In fact, as pointed out by the Law Commission and the second Administrative Reforms Commission, state police officers often neglect this responsibility because they are understaffed and overburdened with various kinds of tasks. Moreover, crime investigation requires skills, training, time and resources besides adequate forensic capabilities and infrastructure. As such, there is frequent resort to the ‘third degree’, a legacy from the colonial past when ‘order’ took precedence over ‘law’.
This is affirmed by a magisterial study on the ham-handed methods of police investigation, ‘The Truth Machines: Policing, Violence, and Scientific Interrogations in India’ by Jinee Lokaneeta, published in 2020. She points out that “torture in India is used in a range of cases, from terrorism and murder to theft, even though confessions and evidence acquired under torture are inadmissible in court and policy prevents police from legally recording confessions (a remnant of colonial practice that has often been a sore point for the Indian police). Yet Section 27 of the Indian Evidence Act allows material discovered as a result of a confession, along with the part of the confession that led to its discovery, to be admissible.”

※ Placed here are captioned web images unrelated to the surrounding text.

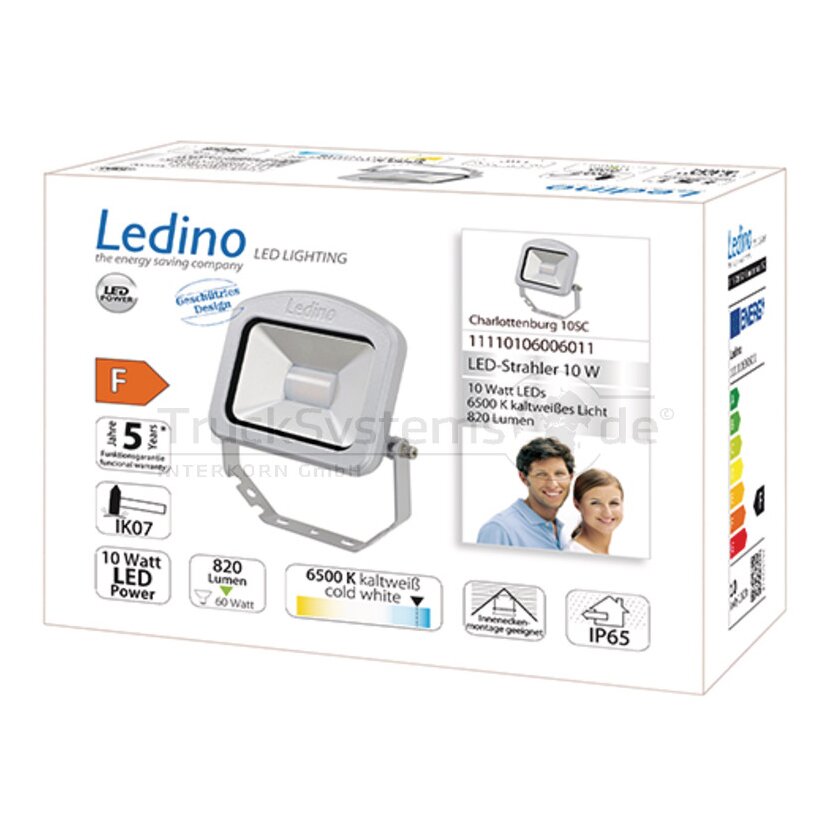 LEDINO LED-Strahler 10 W, 900 Lumen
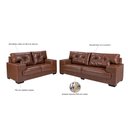 Ver imagem 5 de Sofá Julia Conjunto 2 e 3 Lugares Courissimo Pinhão 849 Clássico Império Estofados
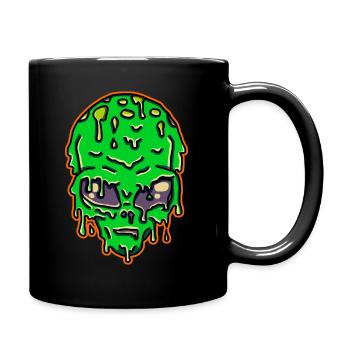 Alien Melting Trippy - Full Colour Mug - black - Right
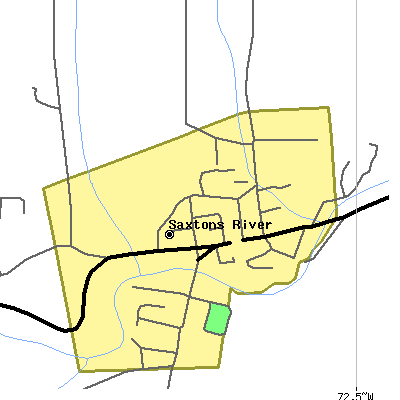 Zip code 05154 close-up map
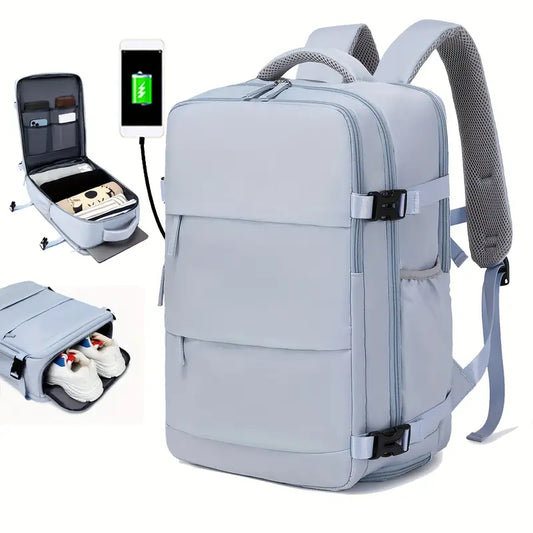 Backpack - Handbag Bag - USB charging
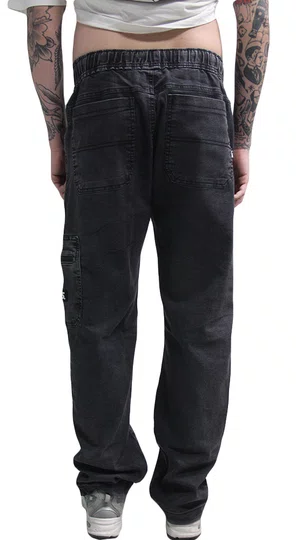 Calça Masculina Jeans Wats Pocket - Preto Estonado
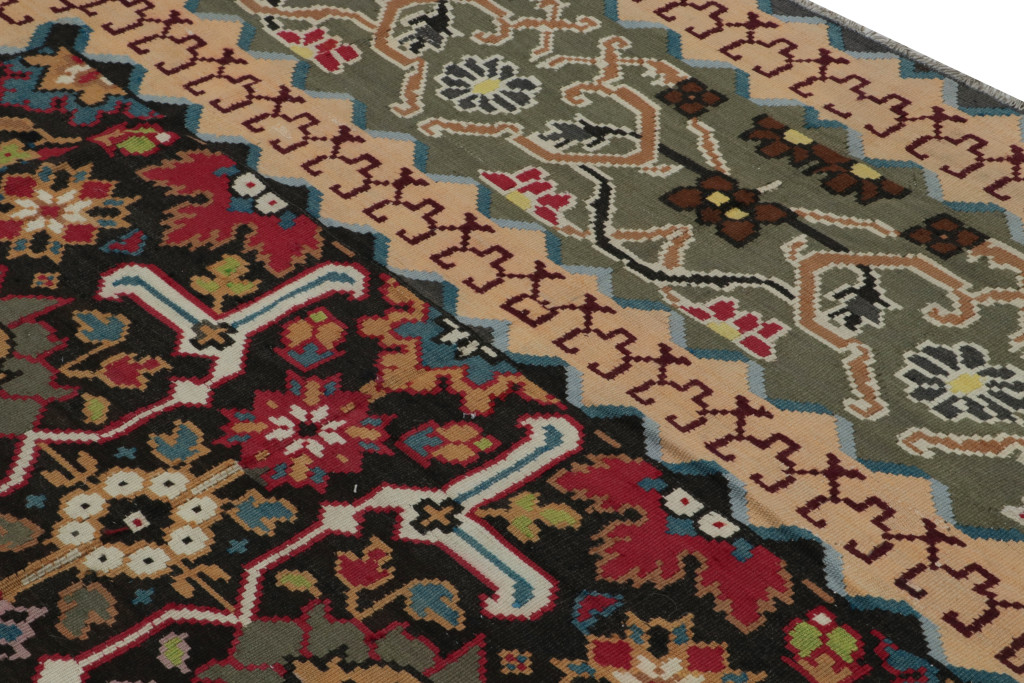 Vintage Turkish Square Kilim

This brings us to a discussion on the first and second degrees of investigation. A first-degree investigation is one in which evidence – both material and circumstantial – is collected by the investigating agency to prove conclusively that the accused is responsible for the alleged crime. The second degree is one where the accused is confronted with this evidence for purposes of corroboration. The third degree is confession obtained by the use or threat of physical force, and includes threat to a close family member. Even though India is a signatory to the United Nations Convention on Torture, our Parliament has yet to enact specific legislation on this. However, it must be acknowledged that of late, the National and State Human Rights Commissions have started taking suo motu cognisance of this.
Now let us ask ourselves a question: Why have the pious resolutions by those at the helm not impacted ground reality? The answer lies in the composition of the Indian police force: As per PRS Legislative Research, 86 per cent of the force comprises constables, who are selected for their physical attributes, rather than their cerebral skills. In effect, the overwhelming majority of police personnel in the country continue to be recruited just after they have passed out of school and are trained in an almost military style with great emphasis on physical training, crossing hurdles and obstacles and taught to ‘obey orders’ unquestioningly by senior officers. However, the responsibilities entrusted to a constable are not just routine tasks but include some amount of judgement and decision-making.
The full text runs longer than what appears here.